É impressionante o paralelo do governo Bolsonaro com o governo Trump, a partir da crítica de Hannah Arendt à degradação política do governo de Nixon

Instigante artigo do ex-chanceler Celso Lafer, professor emérito da Faculdade do Largo do São Francisco (Direito-USP), publicado no último domingo, no O Estado de S. Paulo, faz um diagnóstico político preciso do governo de Donald Trump, que merece muita reflexão entre nós, pelo paralelo que podemos projetar, a partir do texto, para o governo do presidente Jair Bolsonaro.

O “mote” do artigo é uma carta enviada, em 1975, pelo presidente eleito dos Estados Unidos, Joe Biden, à filósofa judia-alemã Hannah Arendt, autora de Origens do Totalitarismo (Companhia de Bolso) e a A Condição Humana (Forense Universitária), na qual solicita à escritora que lhe envie o texto de uma palestra que fizera nas comemorações do bicentenário da independência dos Estados Unidos. Intitulada Tiro pela culatra, na tradução para o português, seu texto fui publicado no Brasil, na coletânea Responsabilidade e Julgamento (Companhia das Letras), organizada por Jerome Kohn.

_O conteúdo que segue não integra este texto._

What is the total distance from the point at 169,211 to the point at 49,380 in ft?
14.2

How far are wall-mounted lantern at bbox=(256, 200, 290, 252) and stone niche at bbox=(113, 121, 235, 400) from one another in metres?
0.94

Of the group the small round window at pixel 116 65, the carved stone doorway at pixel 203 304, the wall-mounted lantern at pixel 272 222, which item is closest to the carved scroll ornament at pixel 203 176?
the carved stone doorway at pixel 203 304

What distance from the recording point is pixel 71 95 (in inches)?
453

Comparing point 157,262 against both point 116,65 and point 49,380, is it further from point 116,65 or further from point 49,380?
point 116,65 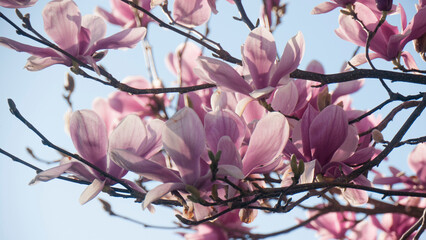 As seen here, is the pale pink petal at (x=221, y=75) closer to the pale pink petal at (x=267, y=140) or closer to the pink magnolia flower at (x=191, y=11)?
the pale pink petal at (x=267, y=140)

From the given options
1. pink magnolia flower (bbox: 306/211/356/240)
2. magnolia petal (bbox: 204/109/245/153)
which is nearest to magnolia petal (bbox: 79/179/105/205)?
magnolia petal (bbox: 204/109/245/153)

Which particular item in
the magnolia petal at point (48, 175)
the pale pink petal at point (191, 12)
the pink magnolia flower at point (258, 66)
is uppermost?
the pale pink petal at point (191, 12)

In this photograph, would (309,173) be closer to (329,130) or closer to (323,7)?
(329,130)

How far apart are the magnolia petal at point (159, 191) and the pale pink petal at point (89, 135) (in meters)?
0.17

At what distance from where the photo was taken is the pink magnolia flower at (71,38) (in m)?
0.86

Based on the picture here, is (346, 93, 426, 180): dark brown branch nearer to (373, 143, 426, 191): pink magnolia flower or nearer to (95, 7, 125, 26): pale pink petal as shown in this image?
(373, 143, 426, 191): pink magnolia flower

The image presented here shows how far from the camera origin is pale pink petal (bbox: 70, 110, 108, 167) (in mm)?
779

Lafer destaca a iniciativa de Biden, quando integrante da Comissão de Relações Exteriores do Senado, como uma espécie de preocupação germinal do que pode vir a ser a linha de atuação do novo presidente dos Estados Unidos, de resto já anunciada na campanha eleitoral. O texto de Arendt trata da crise do governo Nixon e da degenerescência da política norte-americana nos anos 1970, cujos elementos se reproduzem durante o governo Trump, na visão de Lafer:

(1) a mentira por princípio, para manipular o Congresso e o povo americanos e, nesse caminho, pôr em questão a credibilidade dos EUA perante outros Estados;

(2) o empenho em abolir qualquer lei, constitucional ou não, que se interpusesse aos objetivos da presidência;

(3) o inserir da criminalidade nos processos políticos do país;

(4) o valer-se do “privilégio do Executivo” para proteger os colaboradores atraídos pela aura do poder;

(5) o não aceitar a derrota, qualquer derrota, da maior potência sobre a Terra, cujo poder estava em declínio;

(6) o equívoco de respaldar uma economia de desperdício, sem atentar para “as ameaças ao nosso ambiente” (Arendt);

(7) o cobrir com um tecido de mentiras os problemas do desemprego e da automação.

Espelho quebrado
A dimensão histórica da vitória de Biden vem sendo destacada não somente por Lafer como por outros analistas da cena brasileira. Sua repercussão na política mundial já se faz sentir, em todos os aspectos, inclusive em relação à pandemia da covid-19. Como ignorar, por exemplo, o gesto de ontem, quando o novo presidente dos Estados Unidos foi a um posto de saúde de sua cidade para tomar a vacina da Pfizer-Biontech? Quanta diferença em relação ao nosso presidente da República, que já disse e repetiu que não vai tomar e vacina e põe em dúvida a eficácia e segurança de qualquer uma delas. A troca de comando e rumo nos Estados Unidos, porém, transcende esse plano imediato das políticas públicas: a prática dos costumes democráticos repercute no fortalecimento das instituições republicanas e servem de exemplo para o mundo.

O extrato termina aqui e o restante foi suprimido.